**About this exercise**
Your response should be the lines from the one holding "Damska - Jegginsy" to the last line of the data below, copied exactly and with no additions.

[Dataset records]
====
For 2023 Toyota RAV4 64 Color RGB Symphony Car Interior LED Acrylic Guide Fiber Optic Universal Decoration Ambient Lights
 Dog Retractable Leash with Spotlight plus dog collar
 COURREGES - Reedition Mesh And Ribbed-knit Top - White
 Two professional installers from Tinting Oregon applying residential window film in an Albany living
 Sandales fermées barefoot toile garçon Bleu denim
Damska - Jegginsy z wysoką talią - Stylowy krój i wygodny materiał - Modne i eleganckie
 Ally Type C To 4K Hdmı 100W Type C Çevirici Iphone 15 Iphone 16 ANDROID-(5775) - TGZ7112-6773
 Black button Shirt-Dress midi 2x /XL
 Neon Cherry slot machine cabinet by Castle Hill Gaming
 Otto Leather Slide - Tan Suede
====
**Result of the task**
Damska - Jegginsy z wysoką talią - Stylowy krój i wygodny materiał - Modne i eleganckie
 Ally Type C To 4K Hdmı 100W Type C Çevirici Iphone 15 Iphone 16 ANDROID-(5775) - TGZ7112-6773
 Black button Shirt-Dress midi 2x /XL
 Neon Cherry slot machine cabinet by Castle Hill Gaming
 Otto Leather Slide - Tan Suede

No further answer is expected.